This document is based on current practice, and our own experience indicates that there are various problems such as constraints with regard to the implementation. One of the critical constraints that exists is an attitudinal one because one can produce any theoretical model one likes, but if the attitudes of the members of this House and the executive are not in tune with the model, then I'm afraid one is wasting one's time.
So it is this relationship between the members and the executive that I initially want to focus on. Section 42(3) of the Constitution clearly gives this House the right to exercise oversight over the executive; and Section 55(2) requires this House to actually bring government to account where there are problems. Yet, what is our experience?
I'm reminded of the electricity crisis that we went through early last year. Our desire on this side of the House was to bring the then Minister of Public Enterprises, hon Alec Erwin, to account or rather be fired, because he did not exercise due diligence in his portfolio.

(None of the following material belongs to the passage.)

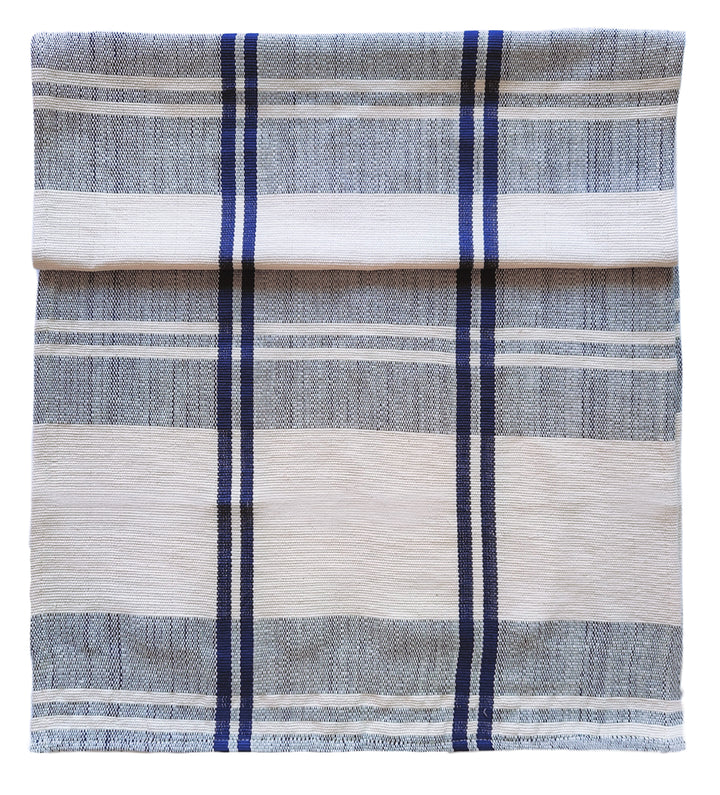 Tablerunner handwoven ANLOGA (off-white, royal blue)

Now Section 92(2) of the Constitution specifically says that members of the executive are collectively and individually accountable for the exercising of their powers and performance of their functions. Yet the ANC and the Cabinet hid behind the whole concept of collective responsibility, contrary to what is in the Constitution.

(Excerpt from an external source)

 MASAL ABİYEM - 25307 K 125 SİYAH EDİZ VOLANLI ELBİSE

So the nub of the issue is this: Unless members and the executive take on board exactly what is in this model, are prepared and have the courage to actually implement the model, then I'm afraid the model is useless. We have to exercise that oversight and demand accountability irrespective of what party bosses say - and have the courage to do so - because the attitude of the members, and not the model, will define the credibility of this institution. This brings me to the attitude of some of the Ministers of this House. All too often they treat the House at best as an irritant, at worst as an institution for which they have extreme disdain, bordering on contempt.
Why do I say this? Take questions, for example. They are a critical part of exercising oversight and demanding accountability. What is our experience? First of all, let me just say that in respect of written questions last year, 1 757 questions were tabled. The ruling party tabled 12 questions - 0,68% of all the questions. The DA tabled 1 512, which is almost 86%. But that is by the by.

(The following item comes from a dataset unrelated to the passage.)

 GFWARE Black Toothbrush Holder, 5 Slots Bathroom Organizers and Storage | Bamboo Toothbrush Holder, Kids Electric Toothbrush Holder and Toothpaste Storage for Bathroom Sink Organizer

More importantly, what is the record in respect of answers? Now, it is the Rule of this House that Ministers have to answer within 10 days. Our experience, first of all, is that very often there are no responses at all. As at the end of 2008, 56 questions had not been responded to. In October last year, there were over 280 questions that had not been answered, some of them stretching back to as early as February 2008 - late replies. In fact, the vast majority of replies ignore that Rule which is in the model.
So it is the attitude of Ministers that is pivotal as far as this is concerned. And very often when the replies come, they are fudged replies. In law we call it "vague and embarrassing", and indeed the replies are very often vague and embarrassing.
So, what is the solution? The solution is, as we see in Gauteng and the Eastern Cape, that if a Minister is unable to reply in time, he has to give an explanation in writing. If he does not give an explanation, must appear on the next oral day, table a response and give an explanation as to why that response was not in time. It's done in other legislatures, and there is no reason why it cannot be done in this legislature.
Now, what about oral questions? Regarding oral questions, we know that Ministers come here, but very often they are not present. The nadir was in October 2007 when, in the social clusters, 11 Ministers were required to appear, only four of whom did. Clearly, that can neither be an exercise of oversight nor the accountability demanded in those circumstances.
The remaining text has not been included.